My Lords, I entirely agree with my noble friend. A closer relationship between the EU policy-making function and the WEU is envisaged in the Treaty of Amsterdam, and certainly duplication is to be avoided in this area. But the combination should be at its most effective in support of the member states in the council.

Baroness Ludford

My Lords, is the Minister satisfied that the Government are putting enough effort into securing a common foreign policy? I am thinking not only of Iraq but also of the summit that has just taken place between Chancellor Kohl, President Chirac and the Polish president. A similar one is scheduled with the Russian president, Boris Yeltsin. Did the UK Government seek to be present at those meetings, either as the UK or as the presidency of the EU? It seems to me that they ought to have been present.

Lord Whitty

My Lords, the common foreign and security policy exists where the member states of the European Union have a consensus that they wish to pursue a particular line of policy.
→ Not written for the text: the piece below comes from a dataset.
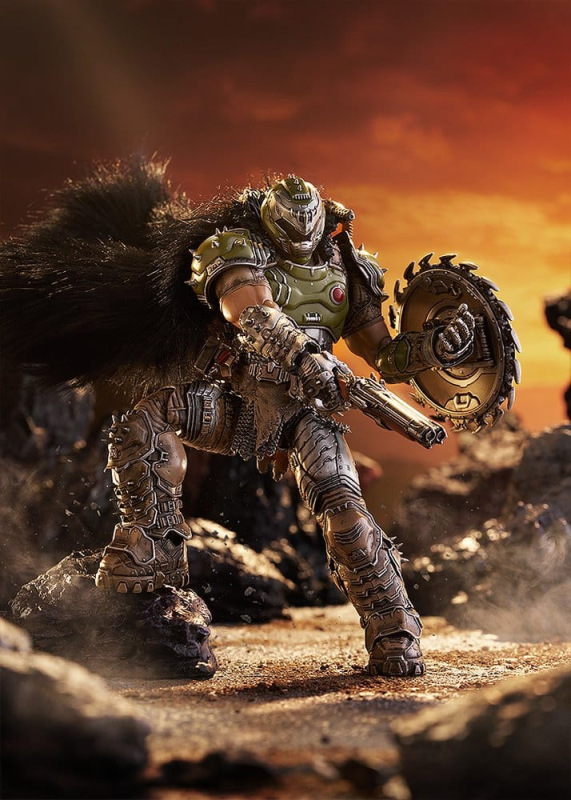 Doom: The Dark Ages Figma Action Figure Doom Slayer DX Ver. 17 cm 2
Bilateral arrangements by other member-states will continue to take place. It is not a matter for the UK, either as the UK Government or as the presidency, to move in on other member states' foreign policies any more than we would expect them to move in on ours. However, the whole point of these changes is to ensure that there are greater areas and better support for those areas where we can agree between the member states on a common policy.

Lord Beloff

My Lords, does the Minister agree that we have a splendid candidate for the job of high representative in the noble Lord, Lord Wallace of Saltaire, since it would enable him to learn the truth about his Europhilia in perhaps an expensive and dramatic way?

Lord Whitty

My Lords, deeply appreciative as I am of the contribution of the noble Lord, Lord Wallace, any words from me would hardly improve his candidature for that post.

Lord Bruce of Donington

My Lords, in view of the deafening silence in some quarters of the European Union during the Iraqi crisis, which still continues, is it not a little premature to talk about a common foreign and security policy? Is the noble Lord aware that the security of Europe has depended very largely on the existence of NATO, with the support of the United States, and more particularly so far as we are concerned on Great Britain's undertaking in 1954 to underwrite the security of the whole of Europe by agreeing to commit its own forces without reference to anybody else to the defence of Europe?

Lord Whitty

My Lords, I do not dissent at all from the contribution made by NATO over past decades to the security of Europe referred to by my noble friend. However, we are now in an era when Europe as a whole would benefit from greater co-ordination between member states of the European Union on foreign policy whether we are talking about an immediate crisis or in the longer term. That is what these changes are designed to achieve.

Baroness Rawlings

My Lords, I agree with the question of my noble friend Lord Garel-Jones. Can the Minister say to whom the high representative of the common foreign and security policy will be accountable, and what will his role be in promoting decisions on which there have been constructive abstentions?

Lord Whitty

My Lords, as regards the first point, it is clear that the high representative will continue, as the secretary-general, to be responsible to the council. It will be the member-states on the council who will decide the policy. As regards constructive abstentions, the new mechanism will apply when a member state does not wish to prevent the council as a whole moving forward, but does not itself wish to participate in that policy. In those circumstances, the high representative will remain responsible for carrying out the position adopted by the majority of the council.